You may have never heard of the Kingdom of Mercia. That's because it hasn't existed for over a thousand years. Mercia was once a great kingdom before England was a united country. The Midlands area of England is still occasionally referred to as Mercia.
The name of Mercia means "the people of the border", because the Mercians were the Anglo-Saxons along the border with what is now called Wales.
There was an era before England was united that was called "The Mercian Supremacy", because Mercia was predominant among the other pre-England kingdoms.
I am actually a Mercian. My parents told me about Mercia when I was a young boy. "Today this is England but it was once Mercia".
The following image, from the Wikipedia article "Mercia", shows the boundaries of Mercia. It is approximately what is today called the Midlands. The blue dot is where I was born and the yellow dot is the city of Birmingham. The green area was the area under Mercian influence when it's power was at it's height, basically all of southern England.
The name of Mercia is still seen and the Midlands are occasionally referred to as Mercia. Three images from Google Street View.
Mercia had a great king, called Offa. The red line in the above map is Offa's Dyke. This was a defensive ditch and berm that was dug along the border with Powys, which is now known as Wales. Not much remains of it after so many centuries but it is still visible in places. There is a walking and biking path that runs all along the route. Image from the Wikipedia article "Offa's Dyke".
There was also a great queen, called Aethelflaed, image from the Wikipedia article by that name.
The town of Tamworth proclaims itself as "The Ancient Capital of Mercia". Image from Google Street View.
In Tamworth there are two statues of Aethelflaed. Two images from Google Street View. Tamworth Castle is in the background of the first image. Kings of Mercia lived there but it might not look like it did then.
The following image, from the Wikipedia article "Mercia" is considered as the "flag" of Mercia although it wouldn't have been flying from a flagpole as we do today.
The religious center of Mercia was Lichfield. It is next to Tamworth and both are close to what is now Birmingham. Chad of Mercia is credited with helping to bring Christianity to Mercia, and was it's Bishop. Lichfield Cathedral is on the site where a cathedral was first consecrated in the days of Mercia. The following two images from Google Street View show the present cathedral and statue of St. Chad.
There are two shrines containing bones of St. Chad. One is in Lichfield Cathedral. Image from Google Street View.
The other is in St. Chad's Cathedral in nearby Birmingham. Image from Google Street View.

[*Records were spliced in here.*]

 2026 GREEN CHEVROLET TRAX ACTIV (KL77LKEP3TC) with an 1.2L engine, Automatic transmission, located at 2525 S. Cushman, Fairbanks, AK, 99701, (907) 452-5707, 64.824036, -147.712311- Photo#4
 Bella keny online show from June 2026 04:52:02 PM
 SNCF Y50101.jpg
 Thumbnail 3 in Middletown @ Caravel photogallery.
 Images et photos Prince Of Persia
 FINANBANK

Aethelflaed ruled during a time of conflict and, on an expedition to the north, her forces retrieved the bones of St. Oswald. This had been an earlier king and martyr. Aethelflaed founded St. Oswald's Priory, in Gloucester, and had the bones buried there. Aethelflaed was later buried there herself.
St. Oswald's Priory is adjacent to what is now Gloucester Cathedral. It became a pilgrimage site and was certainly a factor in getting the cathedral founded nearby. This is not far from where I was born.

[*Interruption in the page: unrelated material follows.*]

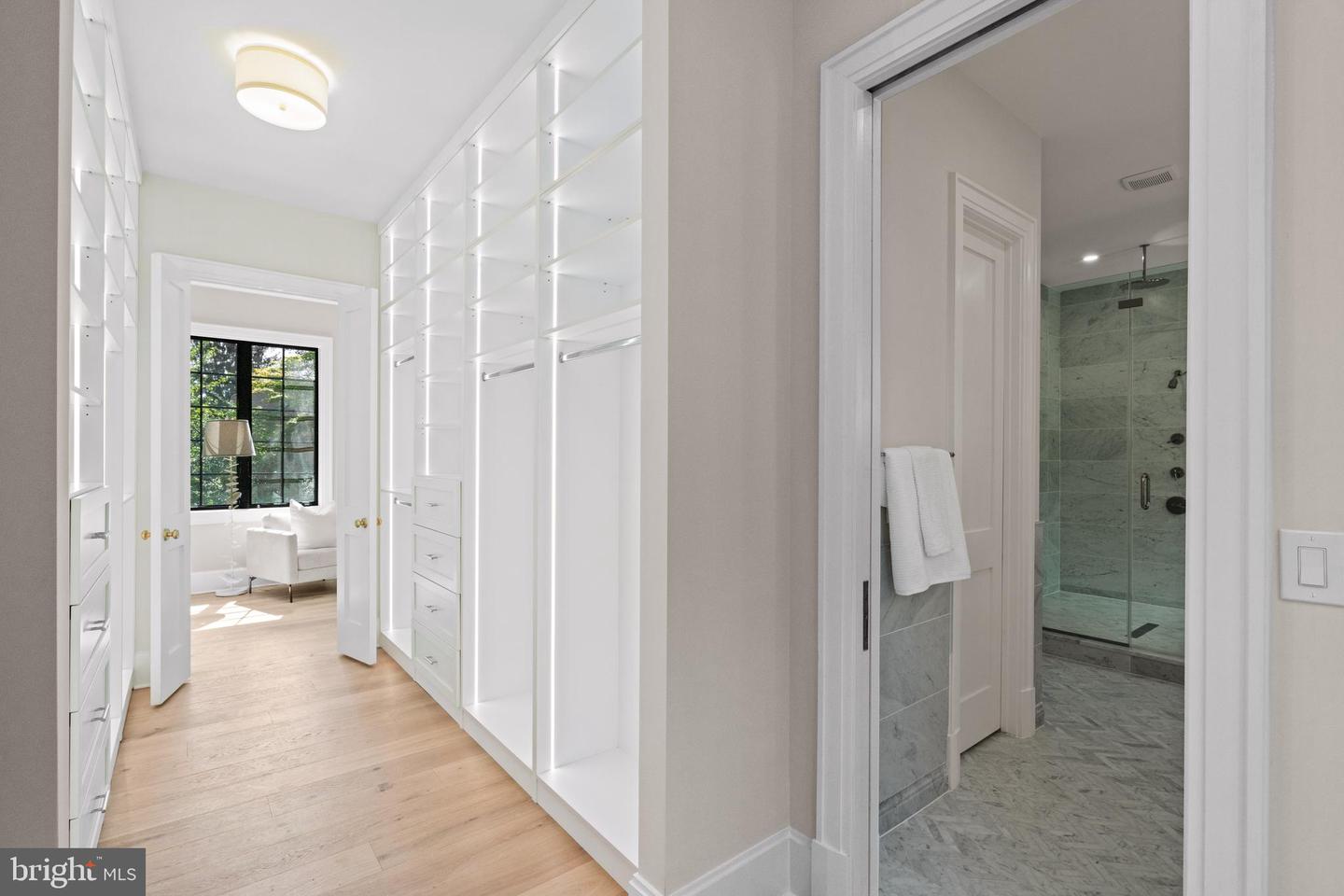2850 ARIZONA TER NW, WASHINGTON, District Of Columbia 20016, 6 Bedrooms Bedrooms, ,6 BathroomsBathrooms,Residential,For sale,2850 ARIZONA TER NW,DCDC2226348 MLS # DCDC2226348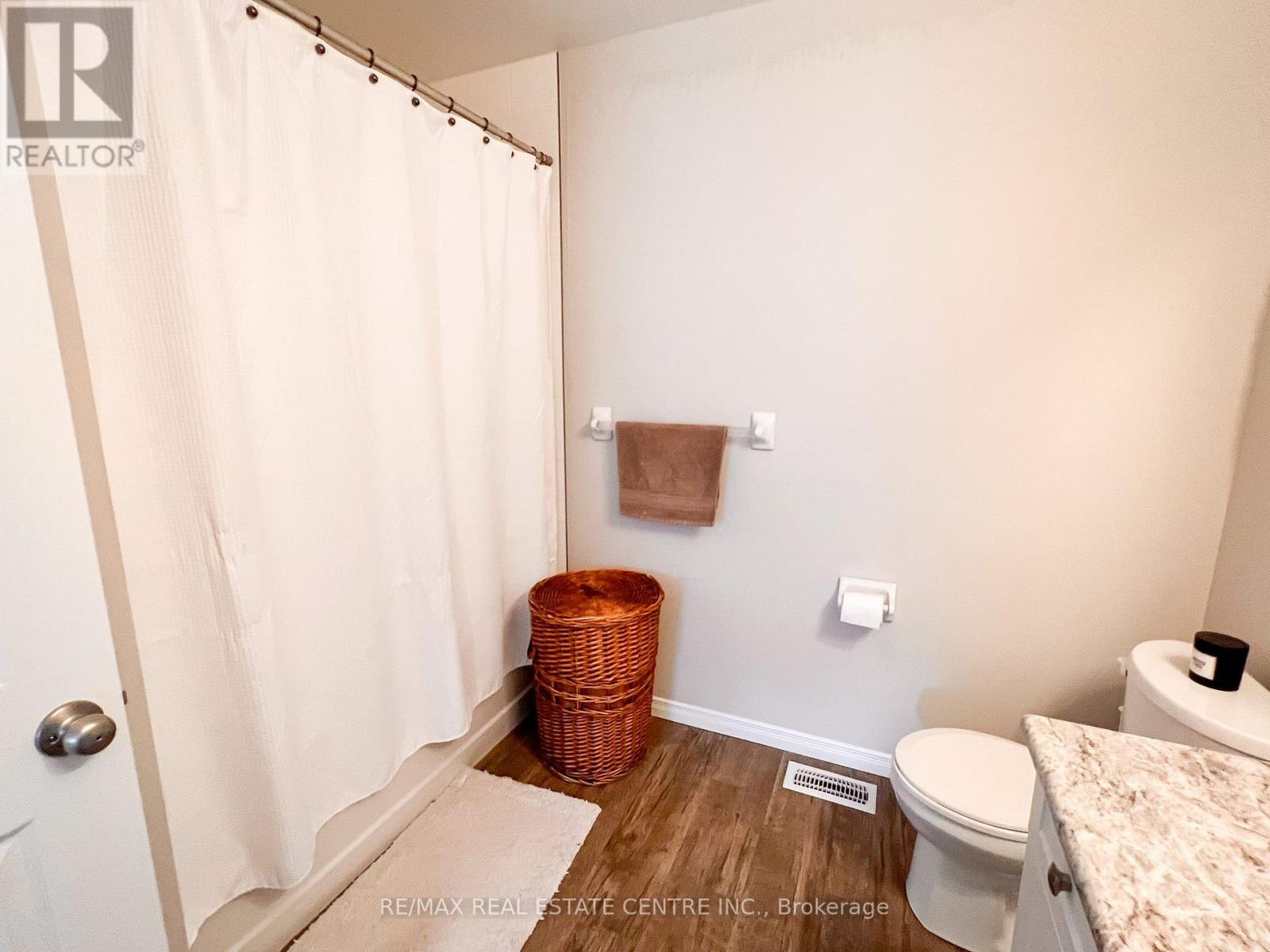 36 - 50 Pinnacle Drive, Kitchener, Ontario  N2P 0H8 - Photo 19 - X12834894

The following three images, from Google Street View, are what remains of St. Oswald's Priory today, although these walls were not there at the time of Mercia. The priory was damaged during the Seventeenth Century civil war.
Tamworth and Lichfield are both near Birmingham but the city of Birmingham was not there then. It is mostly a product of the Industrial Revolution and was far in the distant future at the time of Mercia.
Seafaring has been very important to Britain from the beginning and all of it's major cities are on or near the coast. Birmingham is the one exception. It is by far the largest city in the country that is nowhere near the coast. I wonder how this came to be.
What you may notice about the map above is that Mercia had very little coastline. But yet it was a great kingdom with a great influence. History is a very powerful force and my conclusion is that a major city grew up next to the Ancient Capital of Mercia, and also it's religious center, as the modern heir of Mercia, although I have never seen Birmingham associated with Mercia. This is why Birmingham breaks the apparently logical rule that a major city, in a country like Britain where everything is within 110 km of a coast, should be on a coast.
In the same way, Britain's other Industrial Revolution cities are reenactments of long-ago kingdoms. Cardiff, Newport and, Swansea are reenactments of Powys, which preceded Wales. Liverpool and Manchester are reenactments of Northumbria. Glasgow is a reenactment of the medieval Kingdom of Strathclyde.